Base Property and Historical Use
The history of the Marine Corps Air Station (MCAS) El Toro begins with a series of Spanish land grants in the first half of the 19th century. In 1860, San Francisco merchant and Irvine patriarch James Irvine Sr. acquired the 107,000-acre property from its Spanish owners. Irvine began farming the land (previously used only for grazing), experimenting with Lima and black beans, eventually becoming so successful, 20,000 acres were dedicated to these “experimental” crops. The bean field that eventually became MCAS El Toro sat in a quiet valley at the base of the Saddleback Mountains. Only a few miles from the Pacific Ocean, it was without fog most of the year, and the main Santa Fe Railroad line ran along the site's west border. Camp Pendleton, which served as the Marines’ Infantry Training Base and bombing range, was located just south. In early 1942, the Marines paid James Irvine $100,000 for 4,000 acres, including 1,600 acres designated for a base for lighter-than-air vehicles (blimps). The MCAS El Toro was commissioned on March 17, 1943. In 1950, the MCAS was selected as a permanent Master Jet Station and center of support for the operation and combat readiness of Fleet Forces, Pacific. Throughout its 56-year military life span, the MCAS quickly became a key economic and community hub of this part of Orange County, eventually becoming home to thousands military personnel, their families and local residents providing economic support to the base community. The world-famous El Toro Air show drew two million visitors at the time of the final show in 1997.

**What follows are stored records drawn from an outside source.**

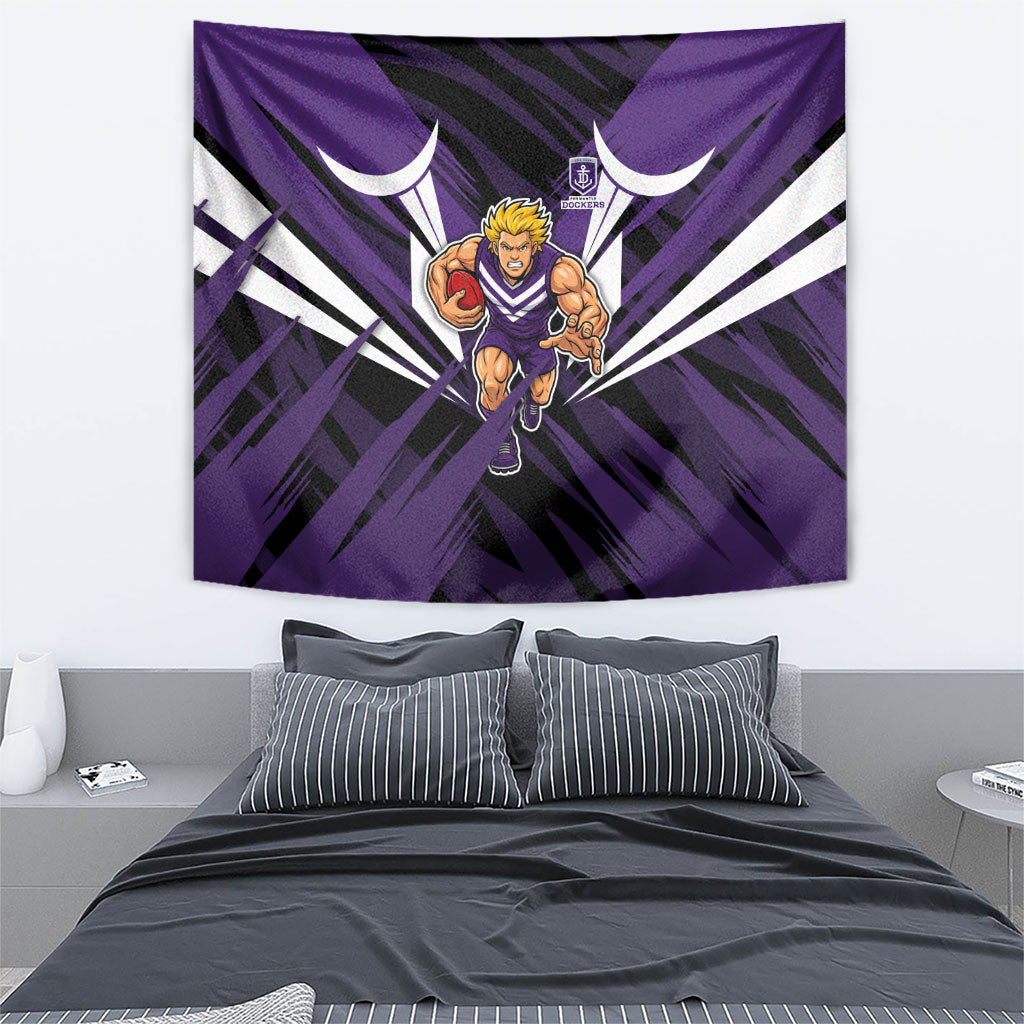 Fremantle Dockers Australian Football Tapestry Athletic Hero Mascot - Bold Team Colors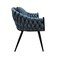 Jeffcoco Furniture Outdoor garden Bistro sofa chair, patio furniture, woven metal frame, sponge seat, Outdoor bacony single sofa chair, waterproof grey cusion
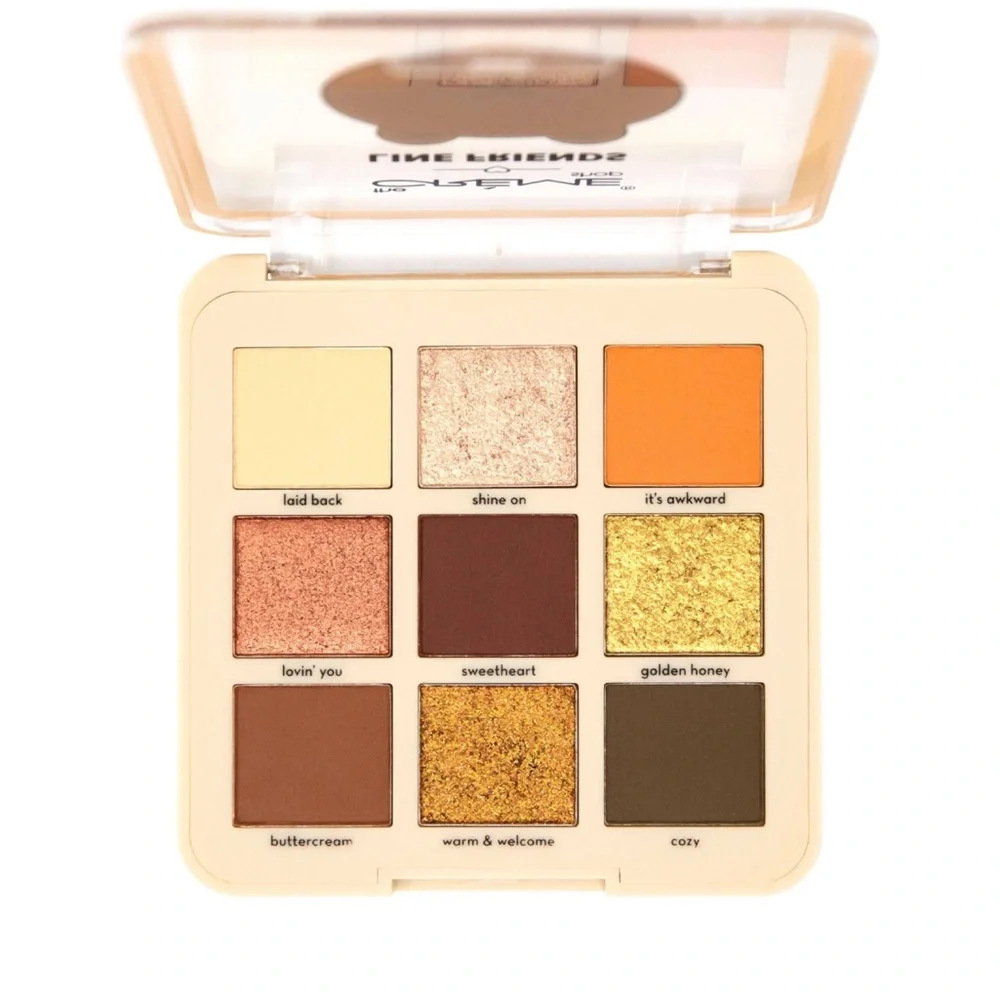 The Crème Shop Line Friends Warm & Toasty Eyeshadow Palette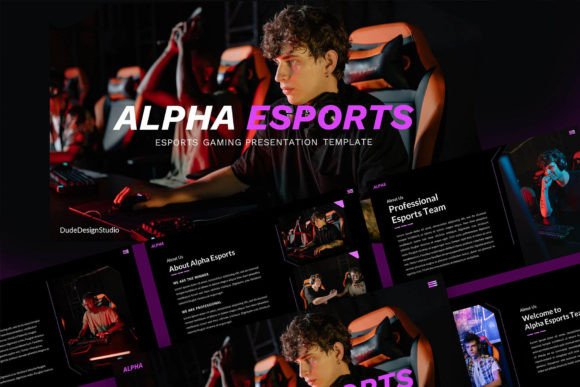 Elevate Your Brand with the Alpha E-Sport Gaming PowerPoint Template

Closure date, planned reuses, parcels transferred
In 1993, under the authority of the Defense Base Closure and Realignment Act of 1990, it was announced that MCAS El Toro would be closed. Operational closure of the MCAS occurred in July 1999. Of the approximate 4700 acres, approximately 1000 acres were or will be transferred to other federal and state agencies. The remaining 3700 +/- acres (only 260 +/- acres remain to be transferred as of March 2017) are transferring to a private developer for the development of the City of Irvine's "The Great Park" which is a combination of residential, industrial R&D, commercial, educational, and public recreational and open-space uses.